1Q84
(livres1 et 2)
Haruki Murakami
éditions Belfond
2009
Nous sommes au Japon, en 1984. Une jeune femme, Anomamé, engagée par une vieille dame, tue des époux violents en faisant passer leurs morts pour accidentelles. Pendant ce temps, Tengo, un modeste professeur de maths, écrivain à ses heures perdues, accepte de réécrire le roman prometteur d'une jeune fille de dix-sept ans. Tous deux ne semblent avoir rien en commun si ce n'est leur extrême solitude, pourtant ils sont liés. Leur destin les entraînent dans une direction inconnue et, tandis qu'ils glissent dans un monde parallèle, le monde de 1Q84, monde des Little People et des deux lunes, leur passé commun resurgit...
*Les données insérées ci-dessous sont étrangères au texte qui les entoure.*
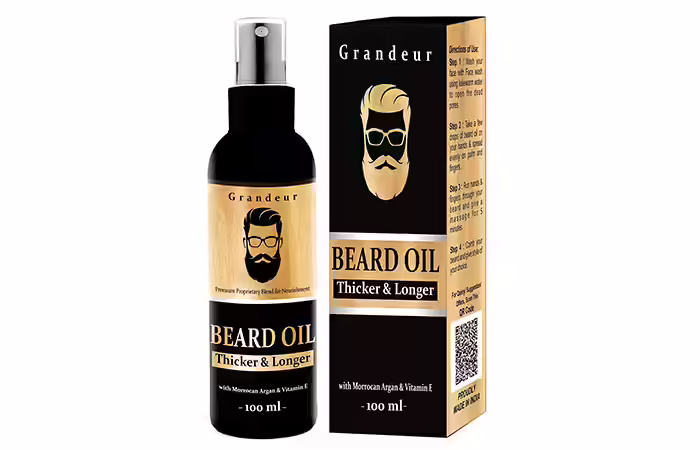Beard Oil
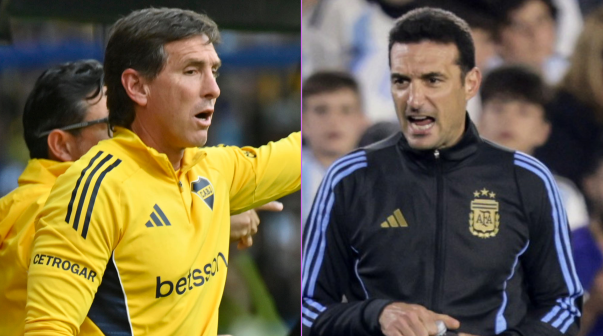 El ex DT de Boca que comparó a Úbeda con Scaloni en la Selección: 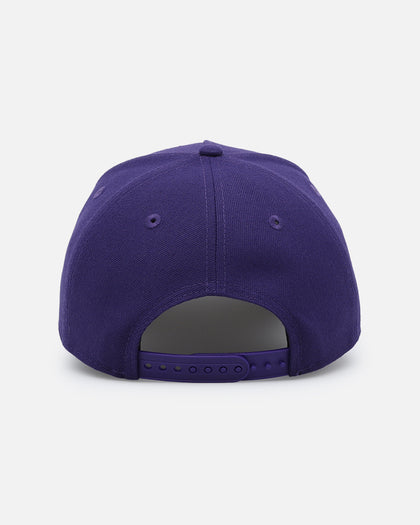 New Era New York Yankees 'Polychromatic' 9FORTY A-Frame Snapback Purple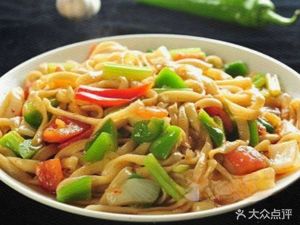 Halal Chinese Lanzhou Hand-Pulled Noodles (No. 1 Section of First Ring Road Branch)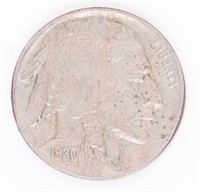 Coin 1930-S United States Buffalo Nickel In Choice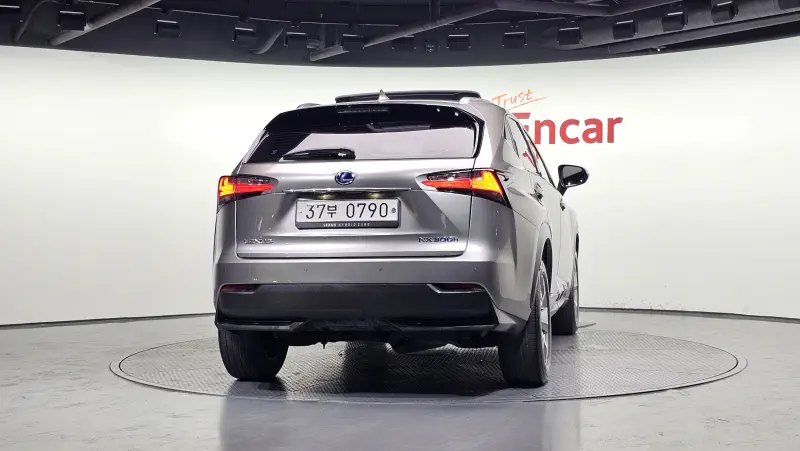 Lexus NX300h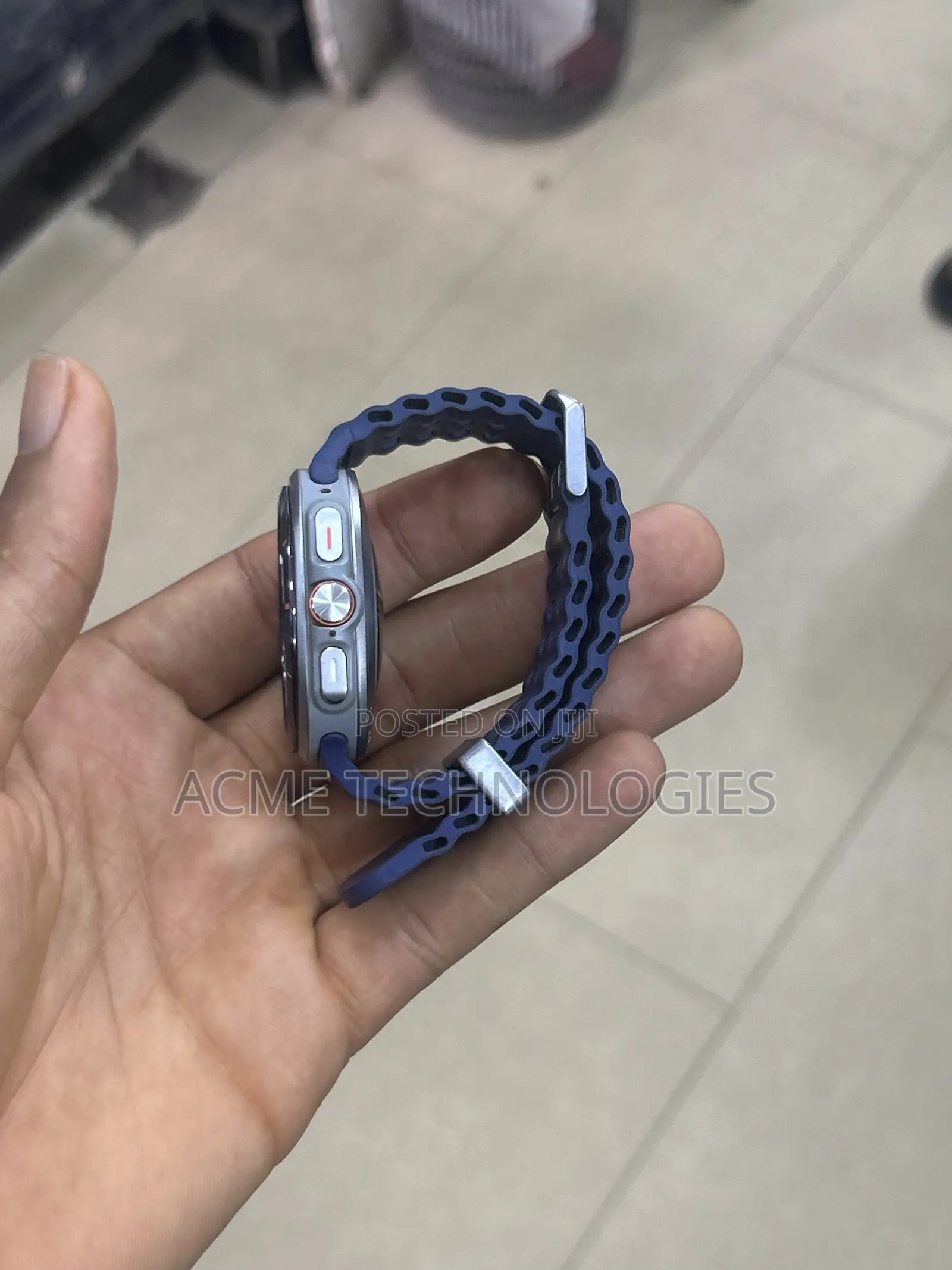 Used Galaxy Watch Ultra
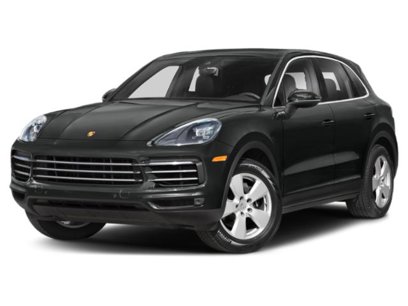 Used 2019 Porsche Cayenne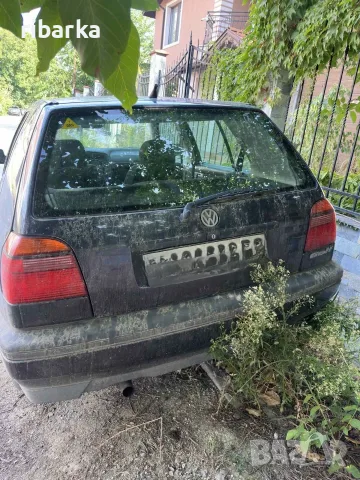 Volkswagen Golf 3 1.8 бензин/газ, 90 к.с. – 1995 г, снимка 3 - Автомобили и джипове - 55941733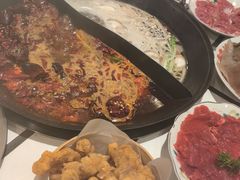 -朱光玉火锅馆(正弘城店)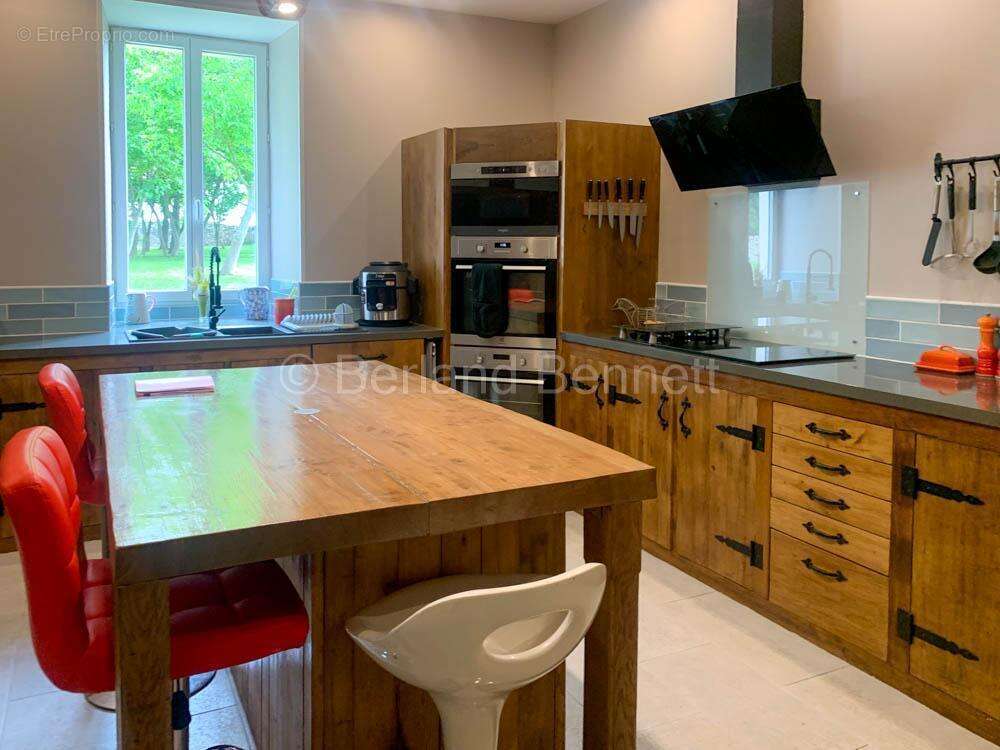 Maison à SAUZE-VAUSSAIS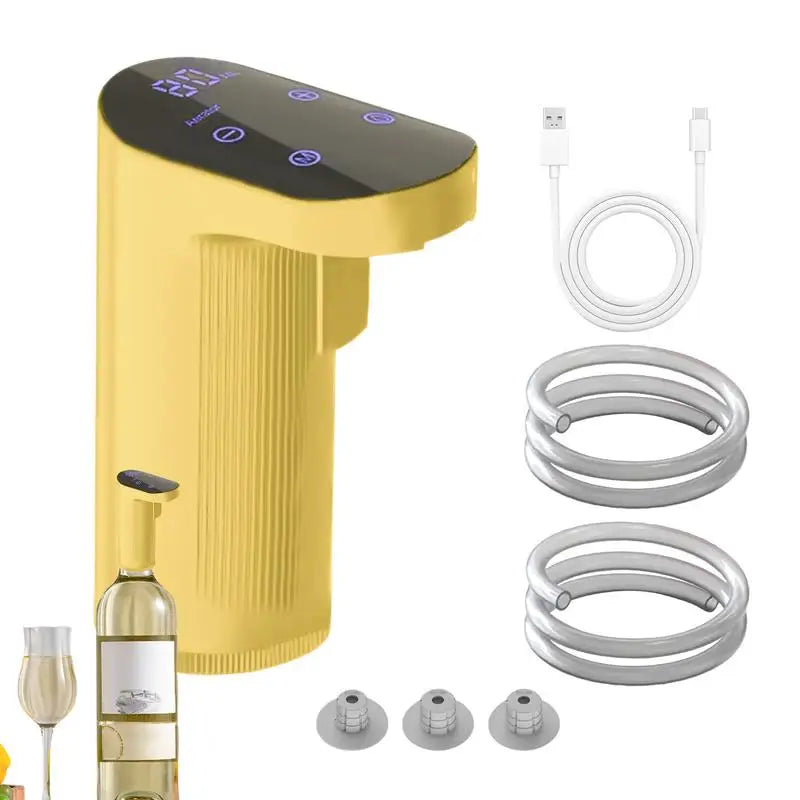 Wine Accessories – Automatic Electric Aerator & Pourer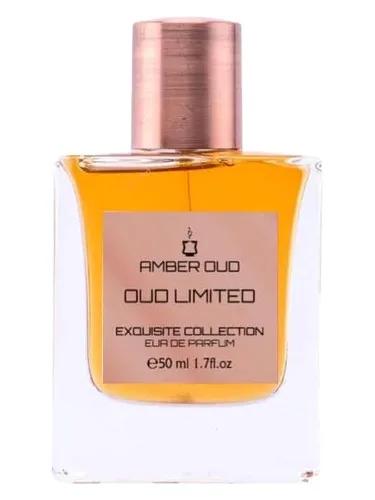 OUD LIMITED — Amber Oud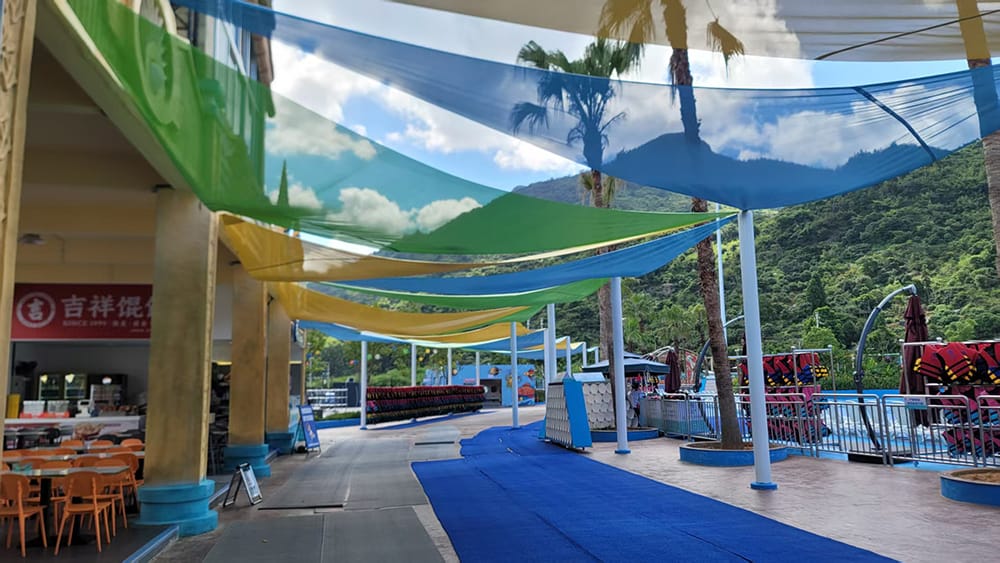 从吐槽到点赞：游客反馈下的水上乐园升级策略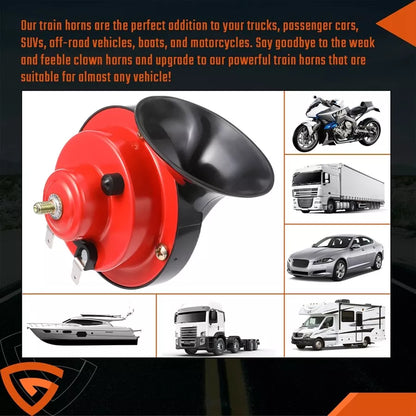 300db Train Horn For Trucks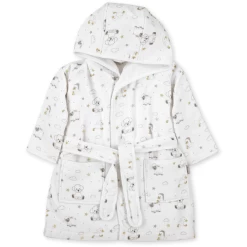 Sterntaler Badjas Mousseline Badstof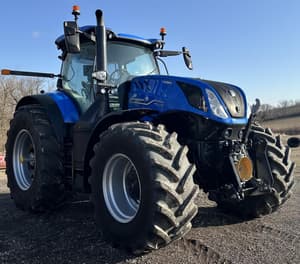 2025 New Holland T7.340HD Image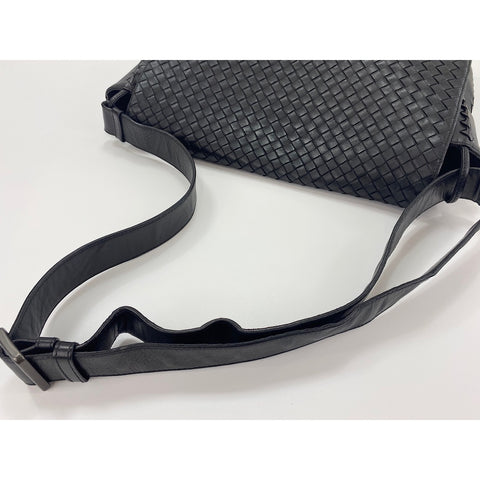 BOTTEGAVENETA Shoulder Bag black WS34274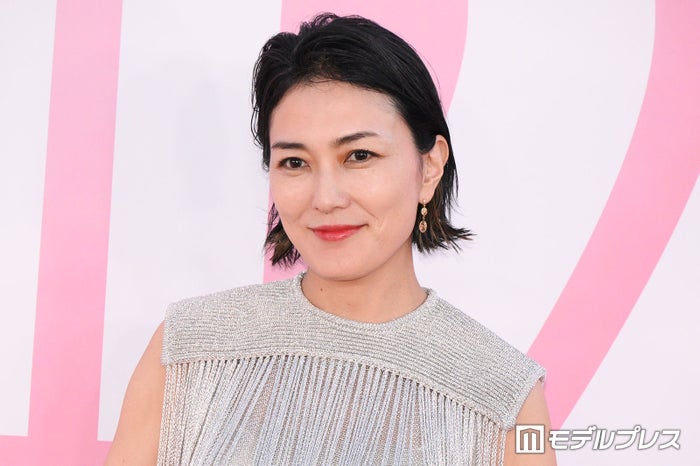 板谷由夏、カナダ滞在を報告 息子の留学付き添い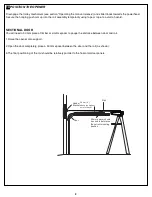 Preview for 9 page of Chamberlain SectionalLift Plus CS105MYQ Installation And Operating Instructions Manual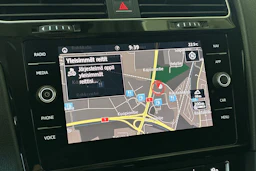 musta Volkswagen Golf 2018 kuva 16.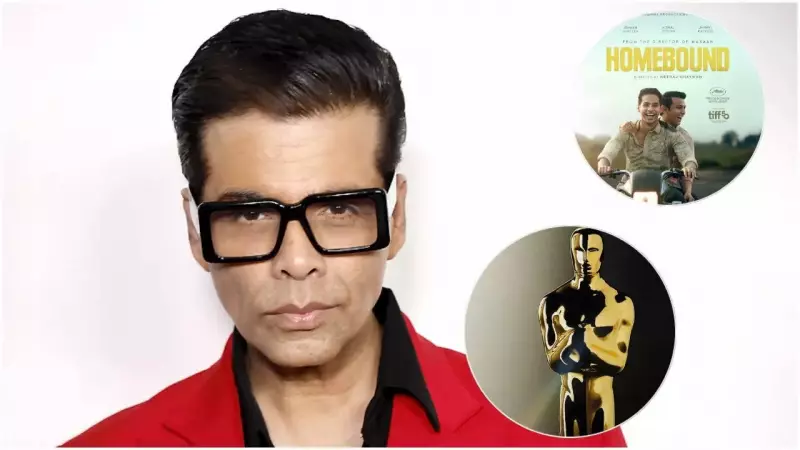 Karan Johar Reacts as 'Homebound' Misses 2026 Oscar Nominations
A dire vrai, 1Q84 a été une petite déception. Si Murakami a parfois flirté avec le fantastique et le merveilleux, il l'a toujours fait avec une certaine finesse et beaucoup de naturel. Or, 1Q84 est un roman lourd. Nous ne sommes plus dans la suggestion mais dans la démonstration. L'auteur s'emploie à plusieurs reprises à souligner l'insolite et le surnaturel de l'histoire et donne au récit un côté artificiel que ses précédents romans n'avaient pas. L'intrigue en elle-même n'est pas forcément des plus intéressantes, diluée dans deux tomes (le troisième sortira en France en 2012) et très orientée SF. J'ajoute à cela que je ne suis pas non plus fan des termes anglo-saxons qui émaillent le roman, lui donnant l'allure d'un mauvais film d'action américain, tout comme d'ailleurs Aomamé, figure justicière d'une féminité bafouée. Bref, à de nombreuses reprises, je me suis demandée comment diable un auteur que j'aime beaucoup d'habitude a pu se lancer dans une entreprise pareille. Bon, il faut relativiser: c'est du Murakami tout de même et le style est toujours là. De plus, 1Q84 réserve de très jolies scènes: les scènes où Aomamé contemple les deux lunes, celles où Tengo se remémore l'histoire du jeune homme et de la ville aux chats... ce sont dans ces passages clair-obscurs (description d'un jardin d'enfants au clair de lune, ville endormie, souvenirs en noir et blanc du passé des deux héros, rêves...) que l'auteur réaffirme avec force son talent pour un univers poétique et onirique dont, à mon humble avis, il ne devrait pas sortir. Reconnaissons-le: 1Q84 est une entreprise audacieuse, le désir d'un auteur de prouver qu'il peut se renouveler mais, pour ma part, en attendant de lire le dernier volet, c'est un roman en demi-teinte loin d'atteindre le niveau des précédents romans de Murakami.